The effect of coronavirus on how many industries and sectors operate is likely to be profound. For the justice system, our reliance on disparate groups of people meeting in a room in localities across the country is archaic. Governments have been reluctant to invest in the short term to gain significant efficiencies in the long term. Equally, the profession is naturally conservative, unwilling to change after centuries of tradition. The development of online courts for civil disputes—long-advocated in several books by Richard Susskind as a “service, not a place”—seems increasingly inevitable. Perhaps the coronavirus outbreak will be the catalyst for the more radical embracing of technology that is required.
For the legal profession itself, the virus outbreak will bring its challenges. While a lawyer’s salary will not be high on the list of priorities, many junior criminal barristers can earn less than the minimum wage in the first years of practice, saddled with enormous student debts. Upon the courts closing, their source of income disappears. It is time for the Inns of Court—membership bodies of vast wealth—to consider the creation of schemes to support such barristers over the coming months. More fundamentally, there may be greater consideration of the future of the independent bar, operating as groups of self-employed individuals pooling resources from a barrister’s chambers. If you are able to conduct court hearings from your front room, new models of working will increasingly emerge.

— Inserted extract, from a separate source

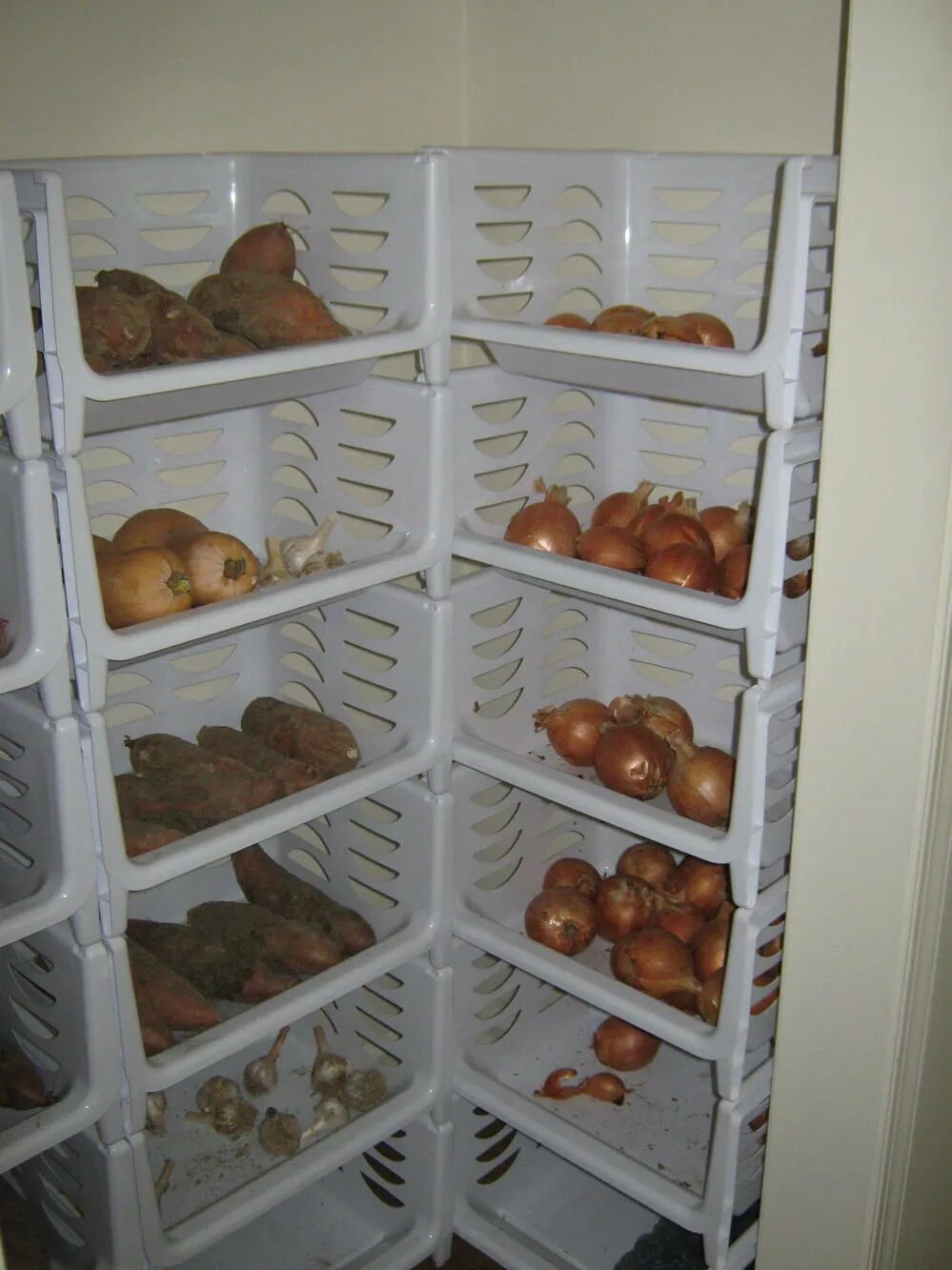 Можно хранить картофель в холодильнике. Ящики для хранения овощей в погребе. Хранение овощей в кладовке. Стеллаж для картошки в погребе. Стеллаж для хранения картофеля.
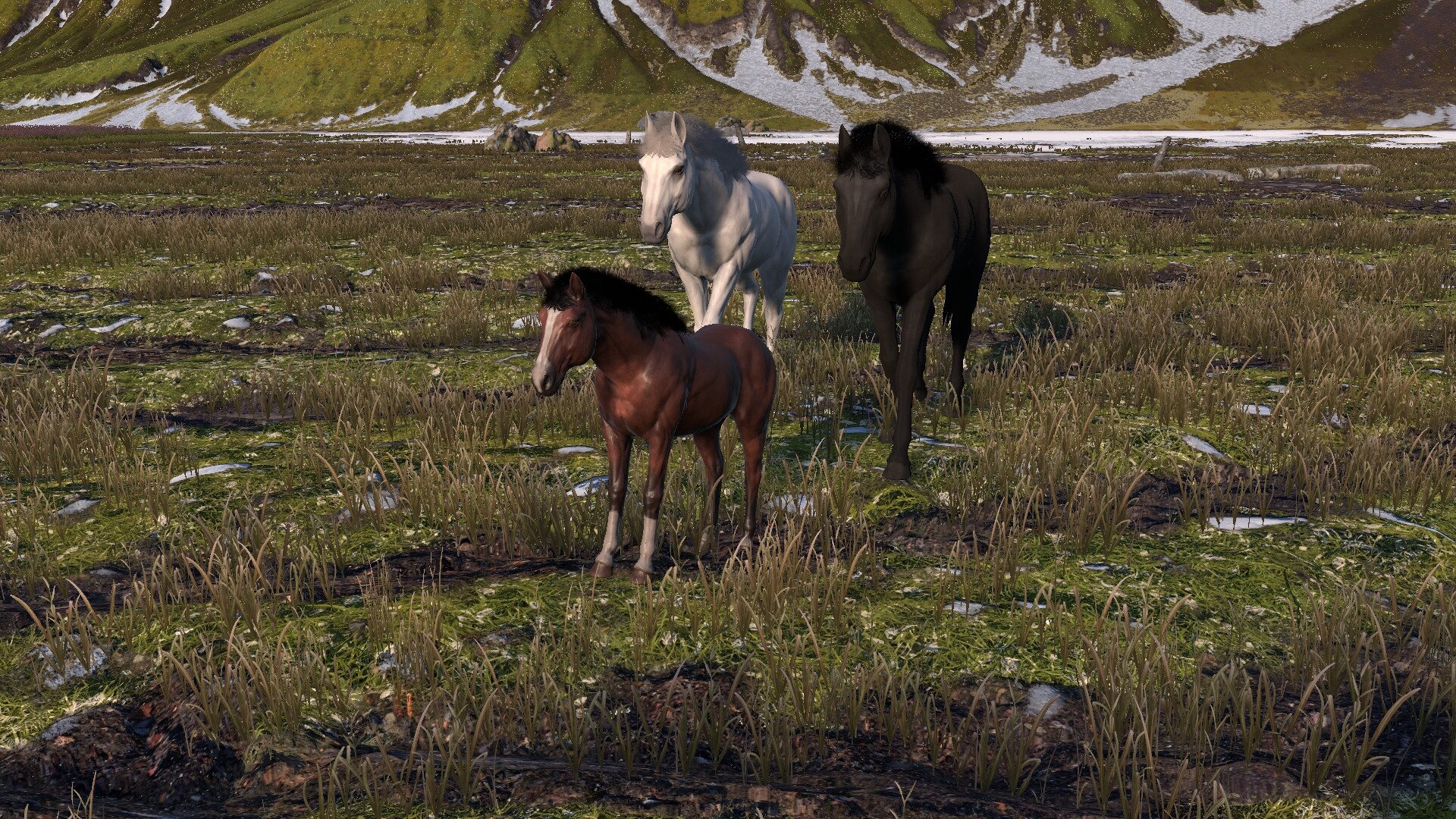 HORSE LIFE: find horses in open world, survive in wild nature as a foal or pony screenshot 4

From chaos comes change. During the Second World War the courts encountered immense challenges, often in surprising areas. In 1944, it was the rise of divorces due to the strain of war compounded by the lack of available lawyers that led the government to appoint a committee, led by Lord Rushcliffe, a Conservative politician and barrister, to consider access to justice. The Rushcliffe report eventually led to the creation off legal aid—a key pillar of our justice system 70 years later.
The coming weeks will be a period of national hardship. Our courts—the backbone of our constitution—will be stretched to their very limits and the extreme consequences of a failing justice system will be clear for all to see. Accordingly, in the long term, lawyers may look back at this episode as the beginning of a fundamental shift in the means by which justice is administered.